I believe that’s why we do everything in our power while we can to shrug that cross off our shoulders instead of bearing its weight in our lives. And when it is thrust upon us, we struggle with what we perceive to be God’s unfairness. Just when we think we are in control of life, it picks us up like a tornado and drops us in some random place of despair, like an attorney’s office or a hospital room or a wheelchair. And we think, “God, what have I done to deserve this?”

What we’ve done is we’ve dared to live. Simply being alive is a risky proposition, and every day we expose ourselves to the forces of life that threaten our livelihood, well-being, and very existence. No amount of money or comfort or stability changes the fact that, as so many of us know too well, life can change, and we have no control over it. We can’t hire someone else to bear our cross. We can spend our lives running from it, exhaust our energy worrying about it, but at some point, we will have to carry it. We don’t control that.

What we do control is our attitude about those inevitable changes. It would have been easy for Johnny to trade in her hope for despair or self-pity, and I’m sure she had her moments. But she chose to see God at work in the midst of her suffering, and out of that came character, hope, and a life lived with purpose and determination.

Deitrich Bonhoeffer was a German theologian who was outspoken against the Nazi regime of his country, so much so that he was imprisoned and later killed for it. His writings are some of the most profound I’ve ever read, because he wrote them with a cross on his back in the shape of a swastika. When he wrote about suffering, he wasn’t writing it from his academic office; he was writing it from prison. And here’s what he said: “God is nearer to suffering than to happiness.”

Now think about that. We work hard to create a life of happiness and to avoid suffering, and yet Bonhoeffer, who knows something about both, says we’re moving in the wrong direction. We’re looking for God in the comforts of spiritual suburbia, when we’re more likely to find him in the hospice ward or the county jail.

Does that mean if we want find Jesus we should go get arrested? Please don’t! But to me it says three things. First, even the most perfect life endures suffering. Something is going to get every one of us at some point. Second, when that does happen, it’s not God’s fault; that’s simply a consequence of choosing to live.

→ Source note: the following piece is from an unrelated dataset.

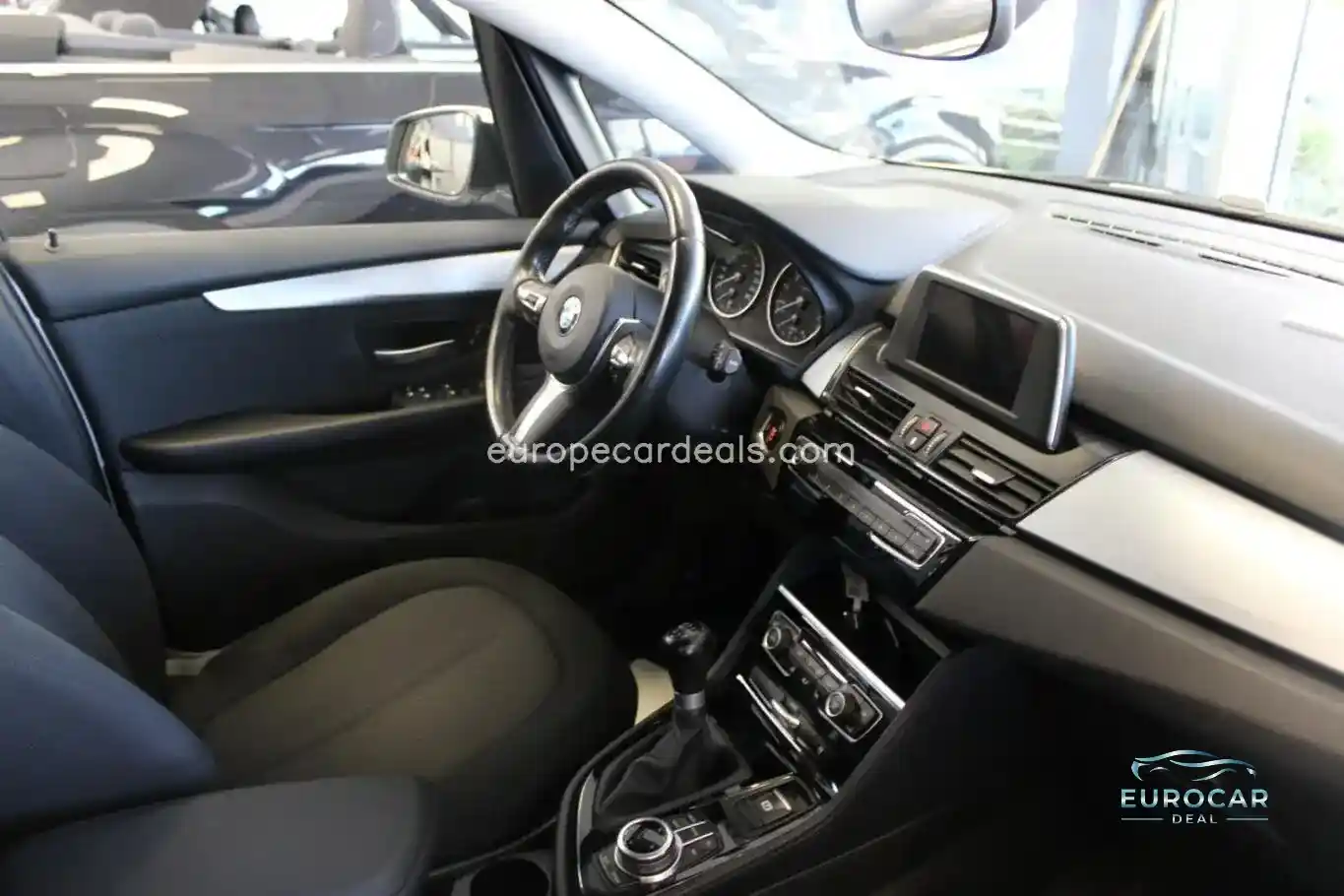 BMW 218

And third, God is there with us during our dark times, even if it feels like He is absent. God is nearer to suffering than to happiness.

We’ve all suffered, and I don’t mean a cold car seat, I mean real suffering, and deep down we know that what we experienced wasn’t the punishment of a capricious God; it was life being life. The danger we face is not the suffering itself, but letting those moments rob us of the joy of life and define our outlook or our faith. Because regardless of the circumstances, there is still joy to be found in life, even if it’s found from a wheelchair, or in a smaller house, or with a less-than-perfect child. We can fight and complain and wonder what we did to deserve our lot in life, or we can take up our cross, accepting it with humility and grace, knowing that there is a deeper joy to be found, and that joy is from God.

You know what? Maybe we have it all wrong. Maybe we live and suffer and die and that’s it. Life can certainly be cruel enough to make us wonder. But as Christians, we choose to believe something else is true, something that transforms us through our suffering. And that is the source of our hope, a light which no darkness, no matter how dark, can extinguish. Life is hard. But God is good.